By Ann-Katrine Fredenslund | Feb 11 2021 | Insights | Cases | Media

Would you rather listen to the article? Press play and have the article read aloud by the Text-to-Speech Google Cloud speech synthesis. 

Audio and spoken content are making quite the noise amongst publishers and newspapers these years. And no wonder: Reading takes time and focus – which is in short supply with modern ways of living. At the same time, always being accessible is key no-matter the context in which the user finds him or herself in.

German, regional newspaper NOZ, Neue Osnabrücker Zeitung, and Danish media group JFM, Jysk Fynske Medier, have both had a dedicated focus on audio the past years.

Visiolink caught up with respectively Patrick Körting, Head of Audio at NOZ Digital, and Jørn Broch, Digital Editor at JFM to have a talk on the potential they see in audio and spoken content.

 

Secondary usage of media

On-demand consumption of audio is stronger than ever, and the non-textual usage continues to grow. Giving the readers the possibility to listen to the newspaper, wherever and whenever they want, enhances reach and engagement and adds to a new news experience.

Respectively, NOZ and JFM are working with both human narrated articles, where a speaker records a spoken version of the article, podcasts and automated, machine spoken Text-to-Speech articles.
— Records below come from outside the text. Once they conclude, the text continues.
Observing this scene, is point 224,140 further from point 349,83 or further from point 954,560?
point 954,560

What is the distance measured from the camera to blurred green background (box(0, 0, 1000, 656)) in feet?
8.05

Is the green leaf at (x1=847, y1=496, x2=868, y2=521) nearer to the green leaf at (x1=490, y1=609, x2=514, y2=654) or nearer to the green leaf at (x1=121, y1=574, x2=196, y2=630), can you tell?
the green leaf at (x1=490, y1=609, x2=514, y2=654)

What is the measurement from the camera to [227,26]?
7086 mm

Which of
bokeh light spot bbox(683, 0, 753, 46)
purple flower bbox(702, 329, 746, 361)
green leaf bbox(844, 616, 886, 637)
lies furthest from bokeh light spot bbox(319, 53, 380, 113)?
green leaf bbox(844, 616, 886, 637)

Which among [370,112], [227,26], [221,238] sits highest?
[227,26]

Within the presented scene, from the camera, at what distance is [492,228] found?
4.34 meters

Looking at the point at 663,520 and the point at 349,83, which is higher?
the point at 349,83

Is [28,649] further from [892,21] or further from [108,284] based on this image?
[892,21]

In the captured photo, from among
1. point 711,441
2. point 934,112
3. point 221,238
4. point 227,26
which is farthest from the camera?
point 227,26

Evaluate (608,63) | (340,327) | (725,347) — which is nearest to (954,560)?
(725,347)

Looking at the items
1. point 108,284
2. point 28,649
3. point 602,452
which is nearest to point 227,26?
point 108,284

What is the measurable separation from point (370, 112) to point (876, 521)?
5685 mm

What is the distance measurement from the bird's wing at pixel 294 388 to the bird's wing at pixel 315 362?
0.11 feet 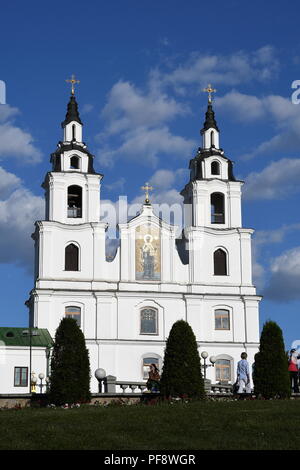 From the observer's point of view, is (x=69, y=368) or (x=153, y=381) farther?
(x=153, y=381)

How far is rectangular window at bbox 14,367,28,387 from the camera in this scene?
159 feet

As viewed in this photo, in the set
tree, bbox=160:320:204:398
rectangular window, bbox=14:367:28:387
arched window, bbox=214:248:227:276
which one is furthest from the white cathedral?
tree, bbox=160:320:204:398

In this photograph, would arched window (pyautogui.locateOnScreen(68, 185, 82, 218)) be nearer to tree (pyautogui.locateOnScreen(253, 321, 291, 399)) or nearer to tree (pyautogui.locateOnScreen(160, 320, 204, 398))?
tree (pyautogui.locateOnScreen(160, 320, 204, 398))

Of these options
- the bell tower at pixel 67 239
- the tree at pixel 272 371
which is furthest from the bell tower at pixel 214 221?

“At JFM we have been working with audio for some years. Our offset to begin working with audio was that all our offerings towards the consumers were centred around the activity of reading. We wanted to become relevant in other usage scenarios as well – for instance while driving where the scenario could be that within 10 minutes you would have the possibility to have the most important news read aloud,” Jørn Broch explains.

Patrick Körting adds to that point:

“Where reading the news in nature is an active way of consuming news, listening is passive. In that context, there are three instances where you will never be able to engage with users through a text-based product: While driving, doing household chores and during the morning routine. It’s something most of us are doing every single day and here audio can play a key role in reaching those generations who have an on-demand audio behaviour, putting together their own personalized audio-based playlist.”

“In my opinion, audio is no longer a nice-to-have option which newspapers can choose to have. It is a must-have feature if they in the long term want to reach new and younger audiences, change habits and thereby ultimately survive,” Patrick Körting outlines.

 

Behavioural change in news consumption

Listening to news becomes more and more relevant – both in engaging with existing users and in reaching new target groups.

According to Patrick Körting, audio is relevant to NOZ due to three factors.

“First, we have a huge asset of 400 colleagues who all work with creating a great amount of news content each day. Audio is a new leverage to present this originally written content. Second, there is a behavioural change in the way people consume news and content: Reading the news is one way of consuming it, but new ways of consuming prosper as well – audio being one of these. Third, the technological evolution within Text-To-Speech and recording technology has taken off recent years making it possible to easily and at a low price create audio content,” Patrick Körting explains and continues:

“The three factors tie well together, and audio fit perfectly with modern ways of living and consuming media in new usage scenarios while doing other things. Parallel use is the key.”

However, while there is an overall behavioural change taking place the way news is being consumed, it takes time to accommodate existing users to take on the habit of listening to news, Patrick Körting points out:

“It’s important to notice that while audio can over time generate new and younger audiences, who already have caught on to audio as part of their media consumption; changing the behaviour of existing users calls for a change of habit.”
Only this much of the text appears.